- _Given material_
· · · · · · ·

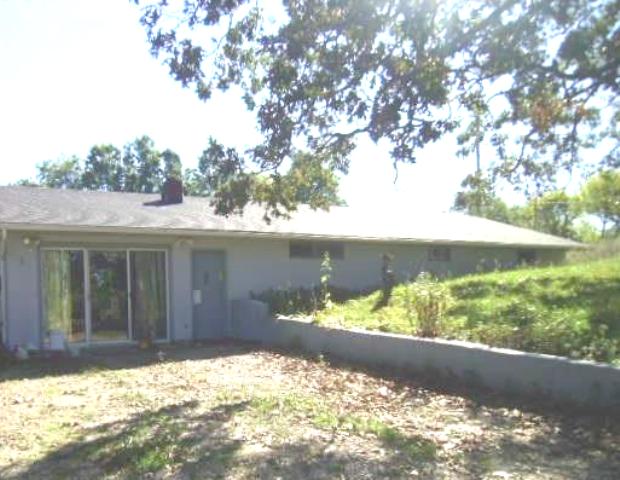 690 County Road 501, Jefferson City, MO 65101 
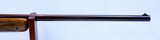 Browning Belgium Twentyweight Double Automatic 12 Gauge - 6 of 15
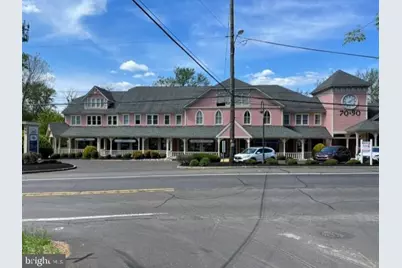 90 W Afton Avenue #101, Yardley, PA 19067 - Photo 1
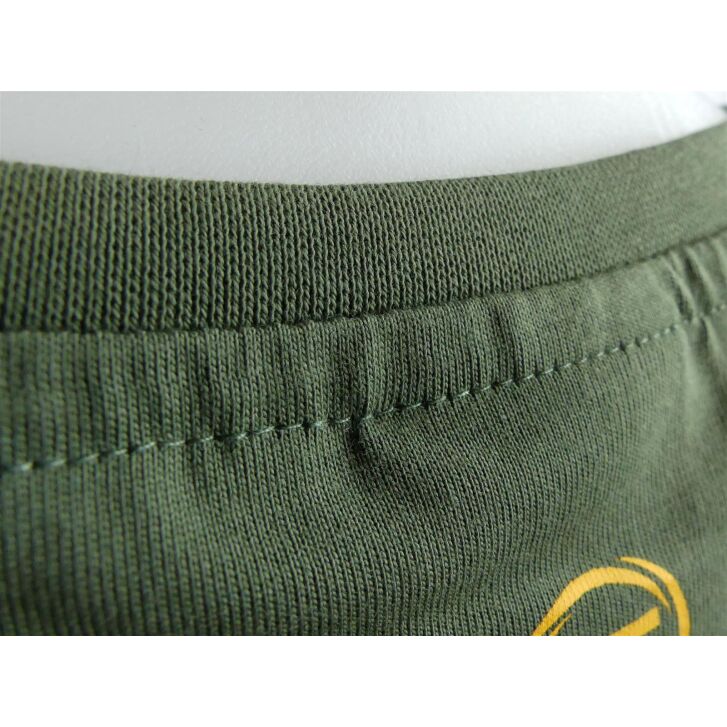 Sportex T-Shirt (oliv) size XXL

· · · · · · ·

- _Task requirements_
Would you print the whole listing exactly, omitting the pictures?

- _Answer area_
 690 County Road 501, Jefferson City, MO 65101 
 Browning Belgium Twentyweight Double Automatic 12 Gauge - 6 of 15
 90 W Afton Avenue #101, Yardley, PA 19067 - Photo 1
 Sportex T-Shirt (oliv) size XXL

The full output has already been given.